Exercise brief :: Give back, word for word, the line that contains "Emelec y la" and every line that follows it in the data below.

Information provided ::
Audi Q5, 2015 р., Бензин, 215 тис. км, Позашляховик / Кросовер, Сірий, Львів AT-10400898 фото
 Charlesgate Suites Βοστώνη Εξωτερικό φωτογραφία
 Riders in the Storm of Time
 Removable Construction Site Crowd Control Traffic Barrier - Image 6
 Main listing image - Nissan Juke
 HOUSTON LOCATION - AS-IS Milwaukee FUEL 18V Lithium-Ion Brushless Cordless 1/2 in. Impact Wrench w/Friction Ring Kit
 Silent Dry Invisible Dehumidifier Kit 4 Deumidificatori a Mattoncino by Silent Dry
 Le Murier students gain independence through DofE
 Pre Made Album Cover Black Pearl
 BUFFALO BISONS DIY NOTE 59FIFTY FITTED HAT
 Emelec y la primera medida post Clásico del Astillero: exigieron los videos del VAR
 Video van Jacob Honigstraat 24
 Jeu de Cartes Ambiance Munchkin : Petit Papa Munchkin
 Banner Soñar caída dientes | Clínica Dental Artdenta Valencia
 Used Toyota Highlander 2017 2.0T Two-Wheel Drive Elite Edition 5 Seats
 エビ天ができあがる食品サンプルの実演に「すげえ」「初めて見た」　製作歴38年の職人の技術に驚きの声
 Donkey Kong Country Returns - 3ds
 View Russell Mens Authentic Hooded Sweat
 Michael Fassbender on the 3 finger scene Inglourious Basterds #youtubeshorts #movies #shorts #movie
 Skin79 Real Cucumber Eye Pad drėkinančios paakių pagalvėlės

Result of the task ::
 Emelec y la primera medida post Clásico del Astillero: exigieron los videos del VAR
 Video van Jacob Honigstraat 24
 Jeu de Cartes Ambiance Munchkin : Petit Papa Munchkin
 Banner Soñar caída dientes | Clínica Dental Artdenta Valencia
 Used Toyota Highlander 2017 2.0T Two-Wheel Drive Elite Edition 5 Seats
 エビ天ができあがる食品サンプルの実演に「すげえ」「初めて見た」　製作歴38年の職人の技術に驚きの声
 Donkey Kong Country Returns - 3ds
 View Russell Mens Authentic Hooded Sweat
 Michael Fassbender on the 3 finger scene Inglourious Basterds #youtubeshorts #movies #shorts #movie
 Skin79 Real Cucumber Eye Pad drėkinančios paakių pagalvėlės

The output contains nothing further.